While there may be no such need with respect to small milling cutters, there is such a need for larger cutters. Large milling cutters differ considerably from the small fluted end mills familiar to many. These larger cutters generally comprise a cutter body portion of significant diameter into which is mounted a plurality of cutting elements, thereby allowing for the removal of material from a considerable surface area of a work piece in a single pass. The body portion is typically manufactured of a hardened steel and has extending from one end a tapered shaft that is adapted to be received and retained by a milling machine spindle. As a result of this design, such milling cutters are often very heavy, unbalanced, and difficult to grasp and hold.
In addition to the size and weight of such milling cutters, there is also the problem of manipulating the cutter during installation. Large milling cutters are commonly stored on a rack or cart when not in use. Often, the cutters are suspended in the rack by the larger diameter cutter body—which generally results in the tapered shaft portion extending (vertically) downward toward the ground. Unfortunately, in the case of, for example, a horizontal milling machine, this storage position is rotated 90° from the operating position of the cutter. More particularly, in such a milling machine, the spindle receives the shaft of the cutter in a substantially horizontal position.

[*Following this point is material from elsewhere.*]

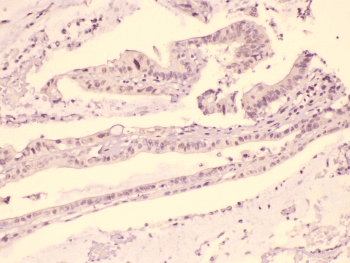 HDGF Antibody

Consequently, subsequent to removing the cutter from the rack, it must be rotated by the operator prior to being introduced to the spindle of such a machine.
As such, it can be seen that a machine for removing such a milling cutter from a storage rack, rotating the cutter into operating position, and installing the cutter to a milling machine spindle—with little effort required on the part of an operator—would be highly desirable. Preferably, such a machine would be able to manipulate milling cutters for one or more milling machines, regardless of the diameter of the cutter body. Such a machine would greatly reduce the stresses put on an operator during a milling cutter installation/removal procedure, and may reduce tool change time as well. An ergonomic tool lifting machine of the present invention satisfies these requirements.